■ **AIM OF THE TASK**
When you transcribe the lines below, keep every word the same and leave the pictures behind.

■ **SUPPLIED INFORMATION**
Segment Open

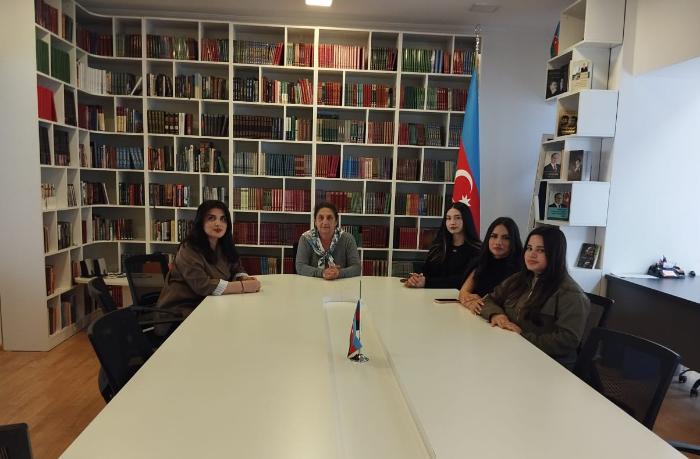 Səbail rayon Mərkəzləşdirilmiş Kitabxana Sisteminin Mərkəzi Kitabxanasında mütaliə mədəniyyəti və oxucu maraqlarının öyrənilməsinə dair tədbir keçirilib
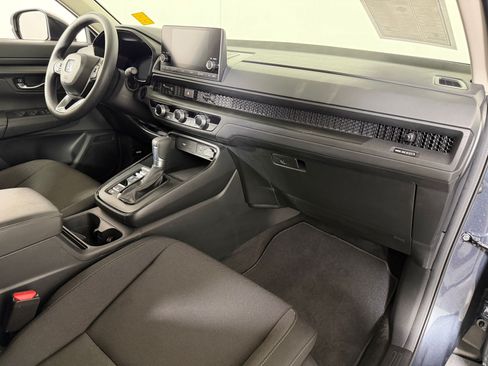 Used 2025 Honda CR-V LX image 25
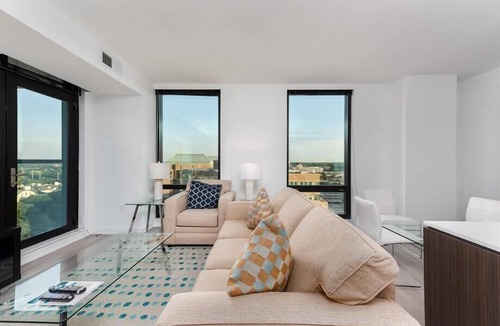 Reston Apartment | Experience Reston | Work Desk + Fast WiFi | nr Washington DC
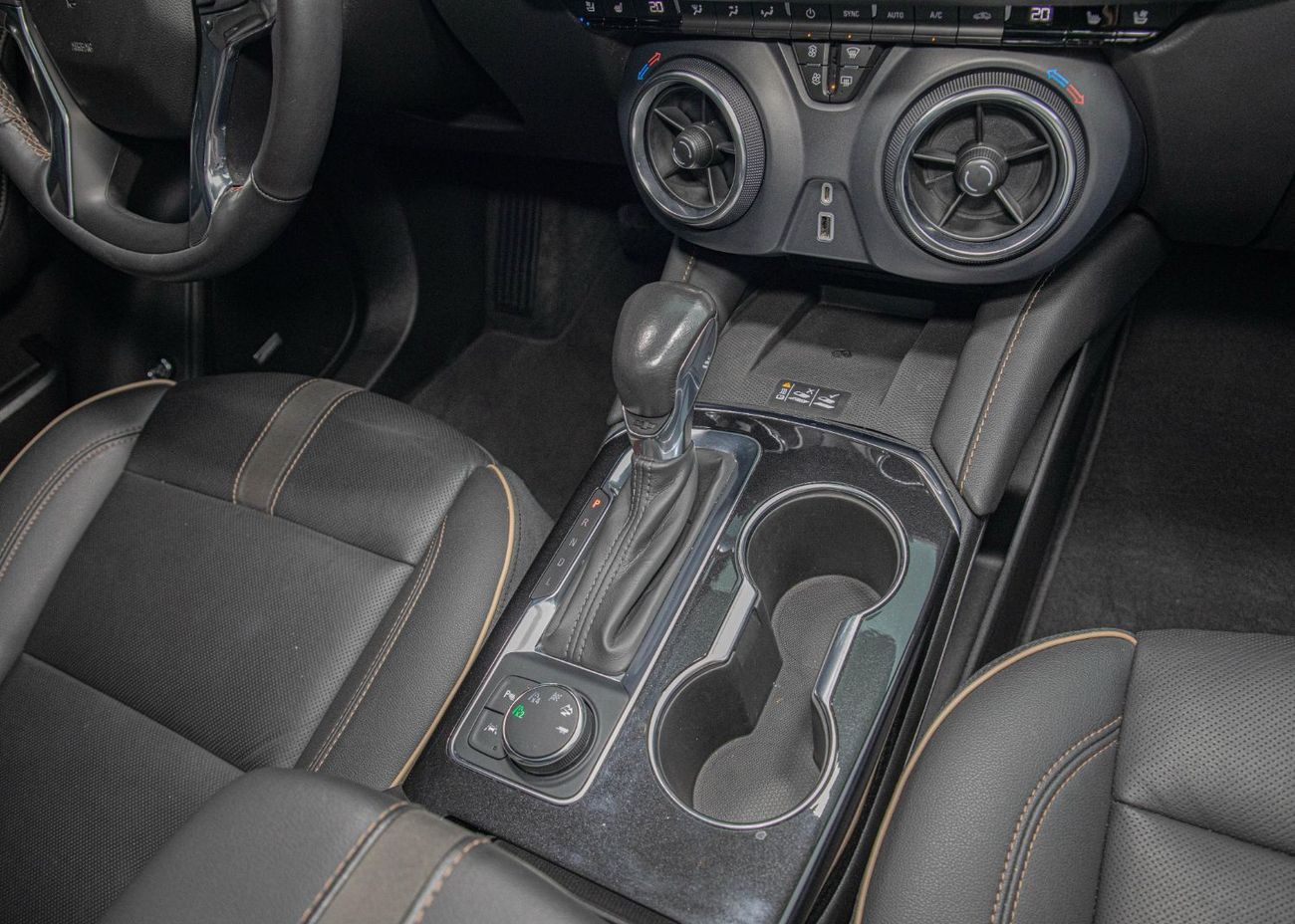 Chevrolet Blazer Premier 3.6L (305 HP) Black Pack Available • V6 AWD • FDSH • Warranty + Service Contract Available •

Segment Closed

■ **RESULT BELOW**
 Səbail rayon Mərkəzləşdirilmiş Kitabxana Sisteminin Mərkəzi Kitabxanasında mütaliə mədəniyyəti və oxucu maraqlarının öyrənilməsinə dair tədbir keçirilib
 Used 2025 Honda CR-V LX image 25
 Reston Apartment | Experience Reston | Work Desk + Fast WiFi | nr Washington DC
 Chevrolet Blazer Premier 3.6L (305 HP) Black Pack Available • V6 AWD • FDSH • Warranty + Service Contract Available •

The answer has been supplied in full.